While at FIT, Michelle learned about the principles of user experience and user journeys. She parlayed this knowledge into her first UI/UX design role, working on projects at a small rapid-prototyping electrical engineering company.
“My start was to simply start, despite it being small projects here and there. Sometimes we have to create our own opportunities if we want to move forward.”
To improve her technical skills, Michelle commits to learning on freeCodeCamp, completing daily UI challenges, reading, and attending design team meet-ups. Fast-forward years later and Michelle is currently building a design system for a local startup.
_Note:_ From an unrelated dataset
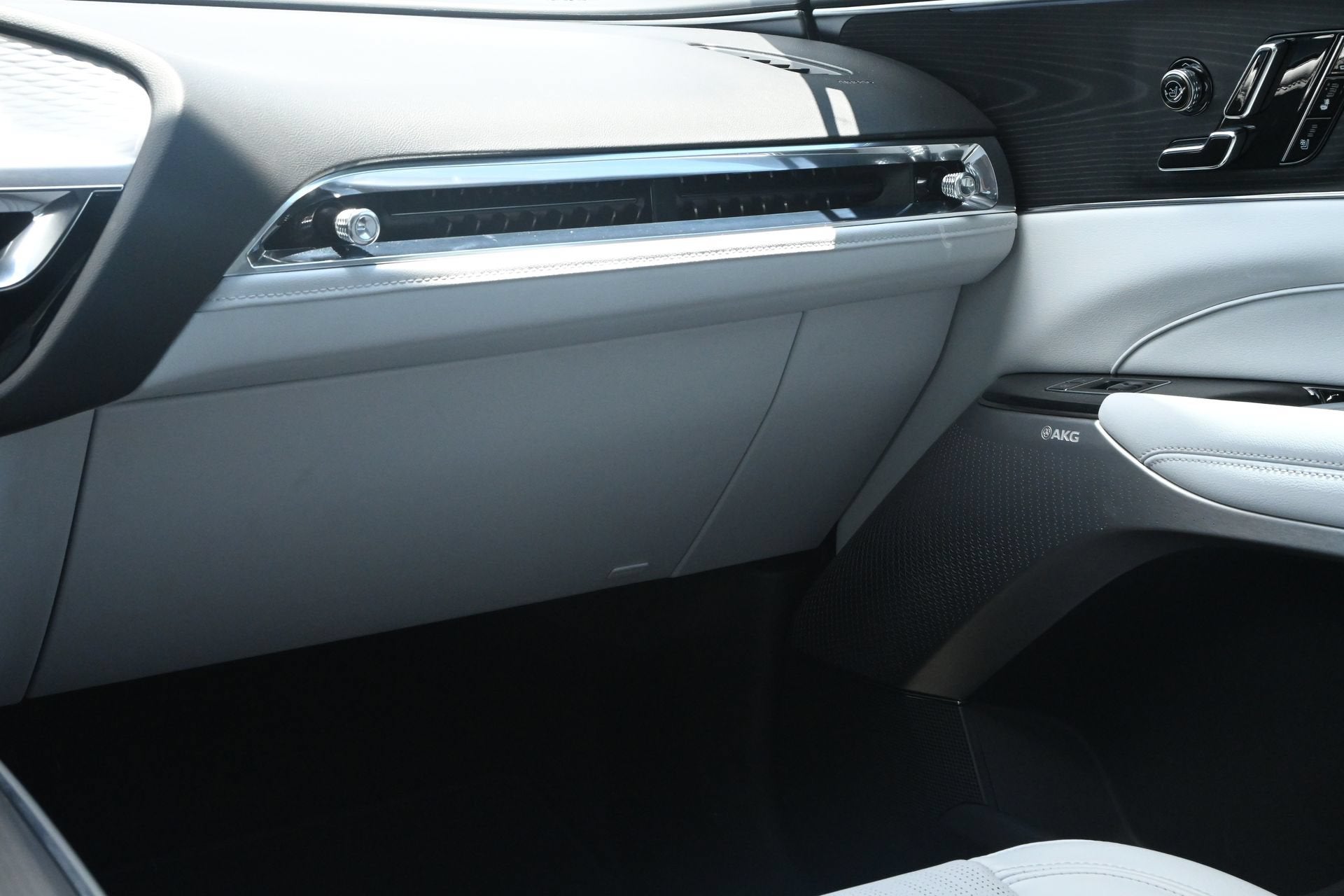 2024 Cadillac LYRIQ Sport 2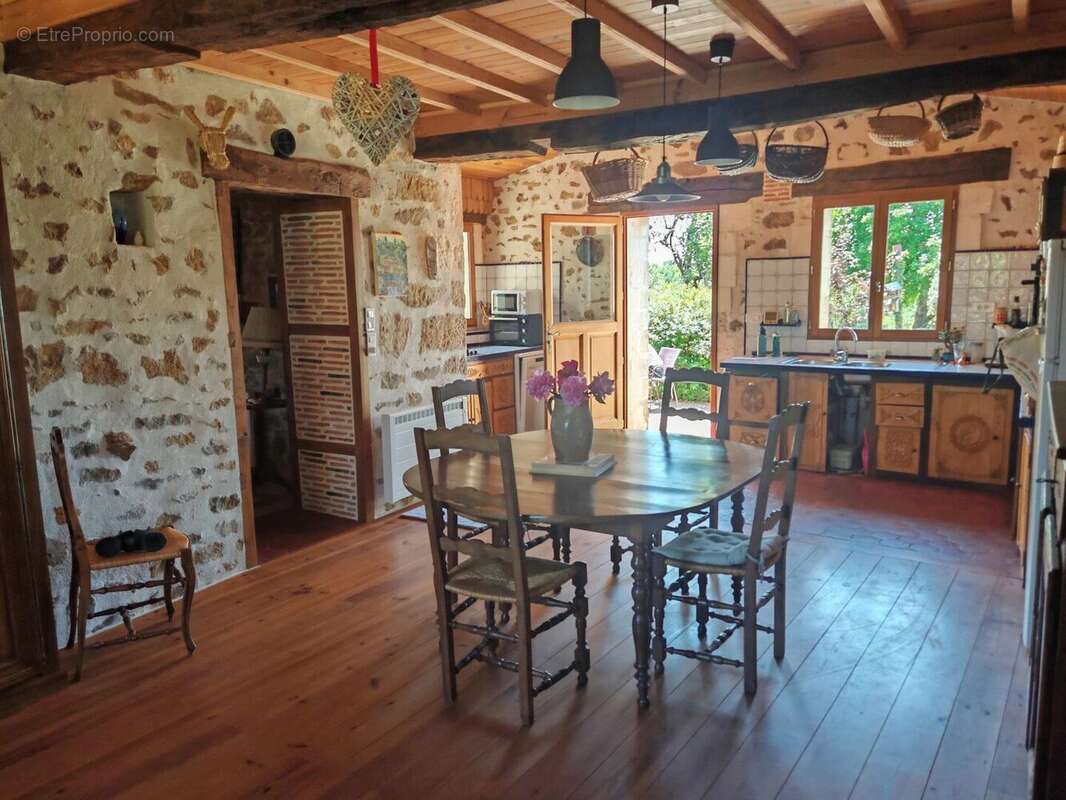Grands volumes pour cette maison périgourdine sur 1 hectare de terrain - photo 5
Michelle is also a philanthropist and takes great pride in her community work with Code Park Houston, an organization that provides CS education for underserved students in the Greater Houston Area. She is helping Code Park to build relationships in Houston to obtain more funding.
Michelle is a recent recipient of the Mayor’s Hispanic Heritage Community Activist Award, where she was honored for her efforts in helping young women enter the world of tech and design.
Michelle is building a more inclusive tech community in Houston through her work with AnitaB.org as a leader and social media moderator. Her goal is to bring people together to collectively work on design projects in their neighborhoods.
Michelle credits much of her confidence to interactions with inspiring women she’s met along the way.
“At the Grace Hopper Conference, I met positive women who were almost executive level in tech that inspired me to stay the course. They kept encouraging me. This experience has pushed me to be there for other women. Even if it’s just sending them a book, a resource, or introducing them to someone else.”
Because Michelle is fairly new to the UX-UI design world, she advises women looking to break into tech to find and lean on their community.
“Find local groups and meet-ups. Make friends with the people doing what you want to be doing. Talk to them about what they do. Participate in hackathons. It exposes you in a very quick way what it’s like to build a project. Then you can start building a portfolio and references. It’s a good way to stay engaged.”
More importantly, Michelle wants young women to embrace their authentic selves throughout their professional journey.
“You’re never going to get anything done when you’re constantly worrying about what people think about you. I don’t wear heels, I don’t wear makeup, I don’t really do my hair. And I’m okay with that.”
Although the design world is constantly changing, in 10 years, Michelle sees herself as a director or building her own firm based around tech and art.